Secondo Sima (Società italiana di medicina ambientale) e Consumerismo No Profit, l’Italia dovrebbe mantenere l’ora legale per tutto l’anno, eliminando definitivamente il doppio cambio stagionale. Le due organizzazioni sostengono che l’attuale sistema comporti un aumento dei consumi energetici, maggiori emissioni inquinanti e effetti negativi sulla salute.

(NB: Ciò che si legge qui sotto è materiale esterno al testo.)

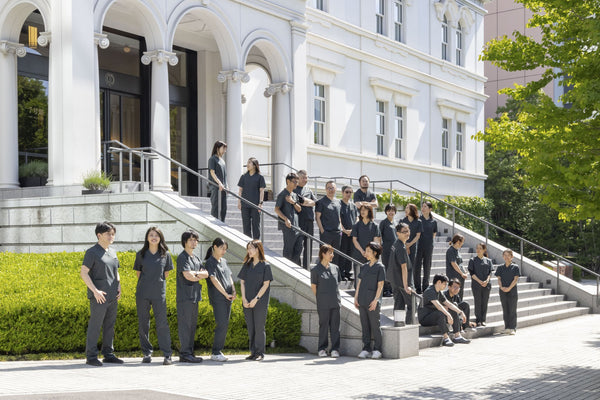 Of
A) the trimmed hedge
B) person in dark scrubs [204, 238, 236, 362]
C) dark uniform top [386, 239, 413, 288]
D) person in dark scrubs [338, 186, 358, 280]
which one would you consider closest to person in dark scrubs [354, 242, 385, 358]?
dark uniform top [386, 239, 413, 288]

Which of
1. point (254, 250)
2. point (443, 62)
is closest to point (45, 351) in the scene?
point (254, 250)

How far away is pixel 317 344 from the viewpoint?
41.5 ft

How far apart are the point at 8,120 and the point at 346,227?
24.5ft

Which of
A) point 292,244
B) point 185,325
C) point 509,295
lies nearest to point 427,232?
point 509,295

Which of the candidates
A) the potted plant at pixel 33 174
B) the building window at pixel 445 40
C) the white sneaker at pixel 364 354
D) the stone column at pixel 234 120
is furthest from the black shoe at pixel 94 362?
the building window at pixel 445 40

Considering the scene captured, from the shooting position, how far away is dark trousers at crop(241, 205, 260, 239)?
14297 millimetres

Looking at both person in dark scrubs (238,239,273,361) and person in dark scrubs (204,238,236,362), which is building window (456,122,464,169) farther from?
person in dark scrubs (204,238,236,362)

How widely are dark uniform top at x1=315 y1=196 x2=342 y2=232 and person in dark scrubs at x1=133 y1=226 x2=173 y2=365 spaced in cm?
426

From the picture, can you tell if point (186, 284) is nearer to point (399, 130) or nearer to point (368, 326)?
point (368, 326)

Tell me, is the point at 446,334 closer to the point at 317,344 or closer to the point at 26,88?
the point at 317,344

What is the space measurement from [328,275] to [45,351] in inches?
166

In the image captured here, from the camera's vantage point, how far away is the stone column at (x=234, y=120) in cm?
1978

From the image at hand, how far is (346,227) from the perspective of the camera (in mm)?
15133

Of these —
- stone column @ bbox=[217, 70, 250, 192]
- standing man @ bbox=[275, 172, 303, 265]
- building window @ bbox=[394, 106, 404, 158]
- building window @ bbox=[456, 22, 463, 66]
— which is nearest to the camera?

I dati parlano chiaro: tra il 2004 e il 2024 il nostro Paese ha risparmiato oltre 11 miliardi di kilowattora grazie all’adozione dell’ora legale, con un beneficio economico complessivo stimato in 2,2 miliardi di euro. Solo nel 2025, la stima del risparmio energetico legato alle giornate più luminose ha raggiunto circa 100 milioni di euro. Oltre all’aspetto economico, c’è anche quello ambientale: mantenere l’ora legale tutto l’anno permetterebbe di evitare fino a 200mila tonnellate di CO₂ emesse annualmente, equivalenti a milioni di alberi piantati.
Ma il problema non riguarda solo energia e ambiente. Gli esperti di medicina ambientale e del sonno evidenziano anche ripercussioni sul benessere psicofisico. Il ritorno all’ora solare, infatti, può provocare disturbi del sonno, difficoltà di concentrazione, cali di umore e un incremento degli incidenti stradali nei giorni immediatamente successivi al cambio. Alcune ricerche segnalano inoltre un lieve aumento dei problemi cardiovascolari e un impatto sulla percezione di sicurezza: con il buio anticipato, cresce la sensazione di insicurezza e si registrano più reati nelle ore serali.
Dal punto di vista normativo, l’Unione Europea ha già dato ai singoli Stati la possibilità di scegliere. Dal 2019, infatti, ogni Paese può decidere se mantenere l’ora legale o solare per tutto l’anno. L’Italia, tuttavia, non ha ancora modificato il proprio sistema, mantenendo il doppio passaggio stagionale. Intanto, la petizione lanciata da Sima e Consumerismo per chiedere la permanenza dell’ora legale ha superato le 350mila firme, segno di un consenso crescente tra i cittadini.